Across the ‘ville at Bloc 11, I found an even more perplexing situation, a set with 133 tiles, 33 more than regulation. But it wasn’t pure surplus, there were still tiles missing, such as both of the Bs normally in the set.  So I contributed the missing tiles and set the excess aside, returning another scrabble set to 100-tile perfection, at least for now. Also, I discovered an interesting message inside the box cover. You don’t get those with Words With Friends, do you?
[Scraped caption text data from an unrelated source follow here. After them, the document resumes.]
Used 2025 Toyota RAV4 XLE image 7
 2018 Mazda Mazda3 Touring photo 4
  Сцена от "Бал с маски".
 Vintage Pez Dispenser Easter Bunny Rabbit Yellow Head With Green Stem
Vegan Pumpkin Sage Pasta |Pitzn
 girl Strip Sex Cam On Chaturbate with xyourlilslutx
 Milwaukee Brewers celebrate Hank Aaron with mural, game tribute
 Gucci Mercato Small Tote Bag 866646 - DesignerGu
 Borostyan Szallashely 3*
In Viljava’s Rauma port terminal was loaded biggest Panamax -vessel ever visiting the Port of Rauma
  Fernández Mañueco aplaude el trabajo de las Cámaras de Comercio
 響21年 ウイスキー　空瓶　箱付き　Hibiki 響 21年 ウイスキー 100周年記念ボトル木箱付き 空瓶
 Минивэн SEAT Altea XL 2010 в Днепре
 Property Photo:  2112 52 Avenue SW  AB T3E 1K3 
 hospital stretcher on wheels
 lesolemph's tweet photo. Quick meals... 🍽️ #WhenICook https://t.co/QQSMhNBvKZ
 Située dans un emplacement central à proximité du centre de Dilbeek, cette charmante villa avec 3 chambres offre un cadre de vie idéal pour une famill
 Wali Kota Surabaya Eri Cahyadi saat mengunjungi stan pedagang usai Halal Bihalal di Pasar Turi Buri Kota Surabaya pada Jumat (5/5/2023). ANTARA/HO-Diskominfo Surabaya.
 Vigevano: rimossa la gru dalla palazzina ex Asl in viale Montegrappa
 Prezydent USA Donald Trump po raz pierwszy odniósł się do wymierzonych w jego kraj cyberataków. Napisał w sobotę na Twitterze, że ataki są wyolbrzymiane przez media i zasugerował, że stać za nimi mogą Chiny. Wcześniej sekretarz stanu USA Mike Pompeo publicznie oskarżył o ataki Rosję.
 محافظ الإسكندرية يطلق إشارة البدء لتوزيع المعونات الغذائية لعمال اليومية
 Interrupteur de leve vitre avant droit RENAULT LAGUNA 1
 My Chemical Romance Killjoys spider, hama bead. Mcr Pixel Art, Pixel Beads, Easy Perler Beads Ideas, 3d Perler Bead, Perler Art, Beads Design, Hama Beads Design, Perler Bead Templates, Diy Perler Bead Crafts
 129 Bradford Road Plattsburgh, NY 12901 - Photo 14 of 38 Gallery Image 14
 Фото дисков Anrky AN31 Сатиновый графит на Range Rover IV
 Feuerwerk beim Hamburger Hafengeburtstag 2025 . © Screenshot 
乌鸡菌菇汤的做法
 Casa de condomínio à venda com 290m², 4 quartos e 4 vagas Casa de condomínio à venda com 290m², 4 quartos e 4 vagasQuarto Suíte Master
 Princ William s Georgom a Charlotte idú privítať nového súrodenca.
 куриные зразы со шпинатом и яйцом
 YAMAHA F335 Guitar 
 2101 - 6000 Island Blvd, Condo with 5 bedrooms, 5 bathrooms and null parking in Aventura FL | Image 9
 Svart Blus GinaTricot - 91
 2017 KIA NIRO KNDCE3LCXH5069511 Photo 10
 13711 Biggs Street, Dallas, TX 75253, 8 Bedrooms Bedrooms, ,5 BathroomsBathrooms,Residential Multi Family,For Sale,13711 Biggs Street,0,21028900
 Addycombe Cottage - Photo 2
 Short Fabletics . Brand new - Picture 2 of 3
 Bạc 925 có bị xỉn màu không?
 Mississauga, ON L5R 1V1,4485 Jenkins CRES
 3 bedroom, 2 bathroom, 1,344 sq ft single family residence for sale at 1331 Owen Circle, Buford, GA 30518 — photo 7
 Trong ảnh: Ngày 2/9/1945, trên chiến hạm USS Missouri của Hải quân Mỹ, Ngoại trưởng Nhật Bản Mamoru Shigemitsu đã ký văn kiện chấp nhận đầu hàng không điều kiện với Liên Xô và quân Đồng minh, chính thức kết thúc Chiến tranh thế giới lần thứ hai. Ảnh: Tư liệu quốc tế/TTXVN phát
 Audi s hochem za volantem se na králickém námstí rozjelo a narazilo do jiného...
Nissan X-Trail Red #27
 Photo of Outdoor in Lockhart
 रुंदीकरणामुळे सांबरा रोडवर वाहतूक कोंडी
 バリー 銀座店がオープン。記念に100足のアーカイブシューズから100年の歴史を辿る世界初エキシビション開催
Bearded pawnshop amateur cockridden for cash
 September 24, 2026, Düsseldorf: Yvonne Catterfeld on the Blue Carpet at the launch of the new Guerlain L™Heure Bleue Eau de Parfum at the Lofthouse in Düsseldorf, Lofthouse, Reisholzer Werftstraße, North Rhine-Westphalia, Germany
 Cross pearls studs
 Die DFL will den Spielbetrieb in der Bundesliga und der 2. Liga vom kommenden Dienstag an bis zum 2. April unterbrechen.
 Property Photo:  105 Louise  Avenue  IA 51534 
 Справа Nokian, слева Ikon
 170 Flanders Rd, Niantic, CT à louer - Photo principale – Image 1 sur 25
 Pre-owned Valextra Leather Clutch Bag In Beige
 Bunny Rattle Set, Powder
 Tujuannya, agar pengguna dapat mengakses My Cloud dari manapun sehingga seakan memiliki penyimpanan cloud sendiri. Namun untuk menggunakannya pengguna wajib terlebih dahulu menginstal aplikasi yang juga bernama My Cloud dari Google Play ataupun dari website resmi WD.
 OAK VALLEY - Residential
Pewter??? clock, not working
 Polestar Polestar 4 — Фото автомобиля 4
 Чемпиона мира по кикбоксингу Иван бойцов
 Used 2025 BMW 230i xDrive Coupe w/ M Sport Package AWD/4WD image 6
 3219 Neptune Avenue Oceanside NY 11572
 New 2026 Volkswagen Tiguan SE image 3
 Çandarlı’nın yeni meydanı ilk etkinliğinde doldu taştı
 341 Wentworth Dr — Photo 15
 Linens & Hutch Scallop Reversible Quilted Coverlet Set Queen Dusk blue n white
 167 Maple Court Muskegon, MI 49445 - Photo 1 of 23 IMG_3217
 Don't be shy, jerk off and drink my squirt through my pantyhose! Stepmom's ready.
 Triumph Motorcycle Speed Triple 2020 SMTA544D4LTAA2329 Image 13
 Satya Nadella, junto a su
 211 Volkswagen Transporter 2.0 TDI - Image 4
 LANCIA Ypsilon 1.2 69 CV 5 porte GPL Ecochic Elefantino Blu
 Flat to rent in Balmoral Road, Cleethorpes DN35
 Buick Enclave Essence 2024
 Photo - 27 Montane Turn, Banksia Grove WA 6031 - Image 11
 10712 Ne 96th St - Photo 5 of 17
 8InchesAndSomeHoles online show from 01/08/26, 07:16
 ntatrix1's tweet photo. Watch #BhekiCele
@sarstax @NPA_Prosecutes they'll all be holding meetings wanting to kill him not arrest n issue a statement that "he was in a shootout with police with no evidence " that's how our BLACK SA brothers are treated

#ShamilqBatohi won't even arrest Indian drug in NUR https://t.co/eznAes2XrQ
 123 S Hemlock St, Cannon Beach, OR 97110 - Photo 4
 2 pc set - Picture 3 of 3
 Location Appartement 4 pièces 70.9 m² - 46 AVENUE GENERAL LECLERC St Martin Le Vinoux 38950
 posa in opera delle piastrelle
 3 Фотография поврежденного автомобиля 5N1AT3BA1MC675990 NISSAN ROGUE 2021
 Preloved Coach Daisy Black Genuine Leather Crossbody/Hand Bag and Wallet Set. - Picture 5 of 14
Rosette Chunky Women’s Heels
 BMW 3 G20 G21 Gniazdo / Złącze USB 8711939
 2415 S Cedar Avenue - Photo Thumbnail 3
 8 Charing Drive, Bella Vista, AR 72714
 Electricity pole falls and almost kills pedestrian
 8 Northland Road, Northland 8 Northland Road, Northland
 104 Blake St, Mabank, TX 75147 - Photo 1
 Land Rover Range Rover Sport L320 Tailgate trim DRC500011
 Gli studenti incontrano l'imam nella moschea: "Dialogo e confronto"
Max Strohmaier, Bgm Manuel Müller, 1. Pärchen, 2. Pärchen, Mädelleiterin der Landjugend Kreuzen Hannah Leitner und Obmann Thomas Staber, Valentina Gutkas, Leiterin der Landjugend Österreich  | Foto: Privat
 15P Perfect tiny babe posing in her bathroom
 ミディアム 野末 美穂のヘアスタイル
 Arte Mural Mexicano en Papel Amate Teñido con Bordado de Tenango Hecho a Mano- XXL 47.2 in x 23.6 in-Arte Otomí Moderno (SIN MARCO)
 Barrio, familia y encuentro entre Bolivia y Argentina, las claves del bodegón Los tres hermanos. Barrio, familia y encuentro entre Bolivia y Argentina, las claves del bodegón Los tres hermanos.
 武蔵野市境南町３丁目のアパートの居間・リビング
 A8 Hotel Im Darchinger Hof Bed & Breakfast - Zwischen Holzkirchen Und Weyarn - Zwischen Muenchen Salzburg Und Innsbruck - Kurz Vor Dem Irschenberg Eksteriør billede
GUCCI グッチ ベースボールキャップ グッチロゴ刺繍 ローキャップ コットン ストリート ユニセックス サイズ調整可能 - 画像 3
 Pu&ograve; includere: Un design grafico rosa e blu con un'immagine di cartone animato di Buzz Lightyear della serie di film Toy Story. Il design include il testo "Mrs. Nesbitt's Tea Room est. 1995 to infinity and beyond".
But what kind of maniac would crate a 133-tile set? It’s can’t have been an accident. Did somebody combine two incomplete sets? Are there merry pranksters at work? Is some speech-impeded supervillan playing a twisted form of megascrabble with twice the D and none of the B?  I’m not sure which option is less frightening, but I’m going to have to step up the Scrabble vigilance.

If you know of a cafe Scrabble set in need, don’t be a SOLTERN, speak up!


Savory Scone Update: Goat at 3 Little Figs

Did you know that buttery pastries can help reduce the risk of macular degeneration?  You probably didn’t know that because it’s probably not true, but that didn’t stop me from picking up a savory scone at 3 Little Figs on Somerville’s Highland Avenue on the way to see my eye doctor.  Hey, it’s not as bad as having a tall soy mocha on your way to the dentist.

3 Little Figs is a wonderful little coffee shop bakery serving a range of sandwiches, too.  I first found them at the Somerville Winter Market where I got addicted to their vegan chocolate spice cookies.  I’ve since been to the shop and had the goat cheese and herb scone twice.  It’s impressive.

I tried to get a clear shot but every time I moved the sone, flakes and crumbs came off it.  It’s that delicate and that flaky.  (Hey, some of my best friends are delicate and flaky) The goat cheese is more pronounced than at Dwell Time but not overpowering at all.  What stands out in this scone is the buttery flaky sconiness of it.  It’s like the stocky jolly cousin of the skinny neurotic croissant. A superb example of the savory scone.

New photos on the 40th parallel

During Somerville Open Studios a while back, I visited the studio of Bruce Myren in the Vernon Street Studios. Bruce is an artist and educator I’ve been following for a while and I was excited to see some new work, and there was plenty of it.  Be sure to see the stunning print of Cushman Brook [view #10] from the Fort Juniper series since the online version does it no justice.

Bruce was just back from a trip to California where he added several images to his iconic Fortieth Parallel project in which he photographs along the 40th parallel at each whole degree of longitude.  I particularly dig the annotated map on the wall of the studio with the planned, shot, and printed meridians on it.

At each location, Bruce shoots three 8×10 transparencies with a view camera and later prints them together digitally as a panoramic triptych. There’s a nice print of 97º near Hollenberg, KS on the wall right behind me as I type.

You can see a lot more, including the latest picture from 124º near Whitehorn CA on Bruce’s site.